- **Provided records**:
****************************************

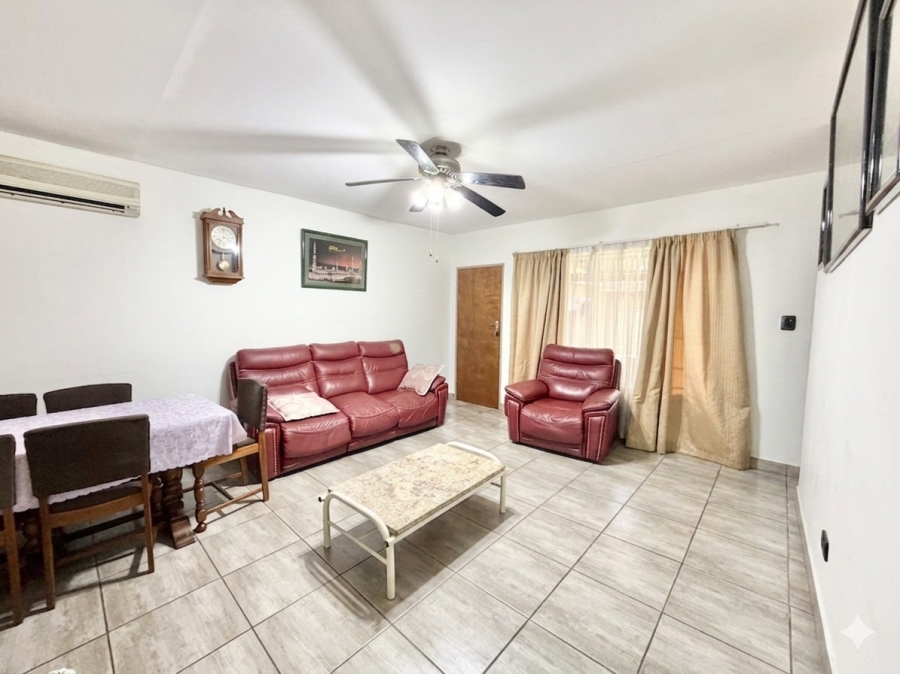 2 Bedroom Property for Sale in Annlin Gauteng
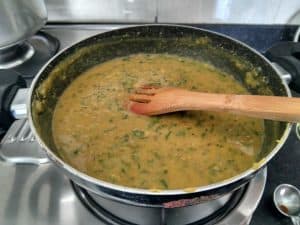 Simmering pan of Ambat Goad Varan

****************************************

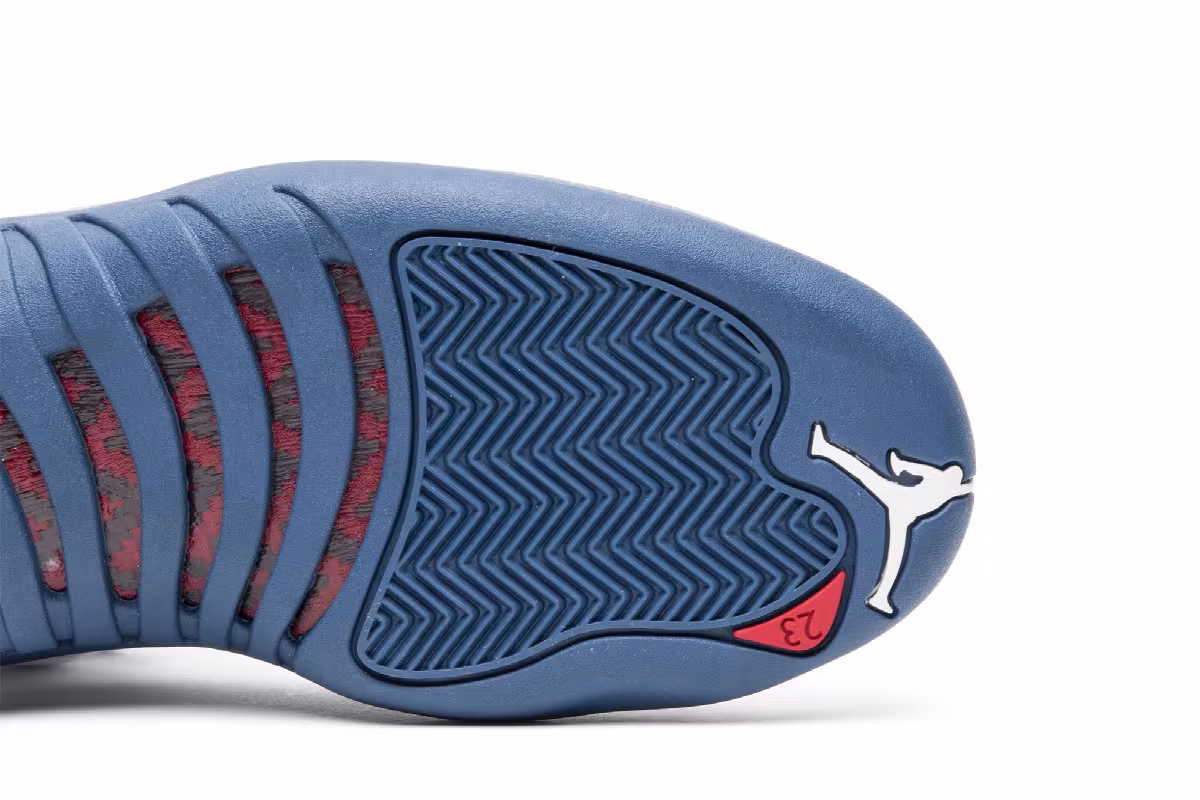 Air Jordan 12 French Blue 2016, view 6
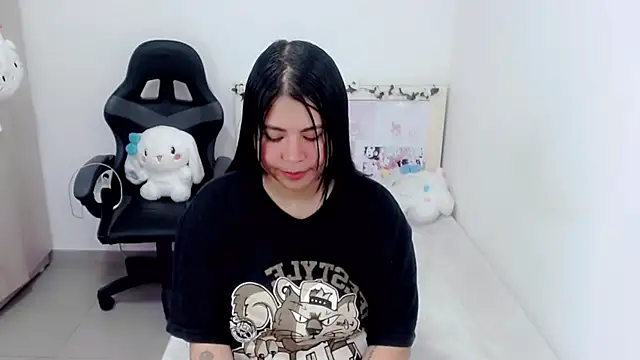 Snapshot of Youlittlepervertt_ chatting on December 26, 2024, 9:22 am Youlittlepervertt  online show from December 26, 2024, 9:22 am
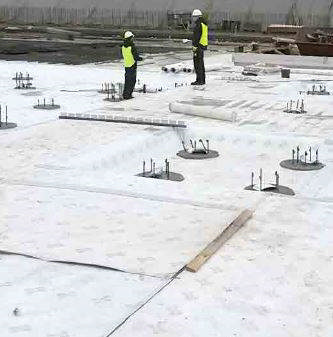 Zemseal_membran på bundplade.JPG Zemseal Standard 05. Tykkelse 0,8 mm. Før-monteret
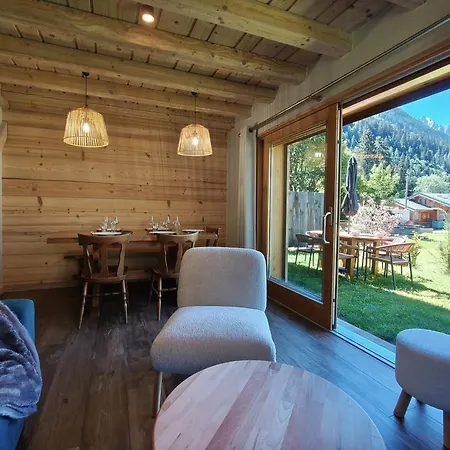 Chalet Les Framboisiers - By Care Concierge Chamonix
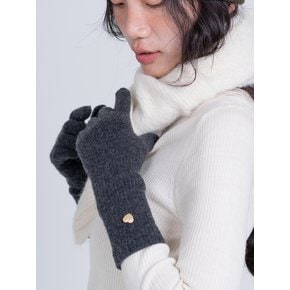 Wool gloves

****************************************

- **Task goal**: Retype only the lines above from the one with "2 Bedroom Property" through the one with "Simmering pan of Ambat Goad Varan", exactly and with both ends. Images stay out.

- **Response to the task**:
 2 Bedroom Property for Sale in Annlin Gauteng
 Simmering pan of Ambat Goad Varan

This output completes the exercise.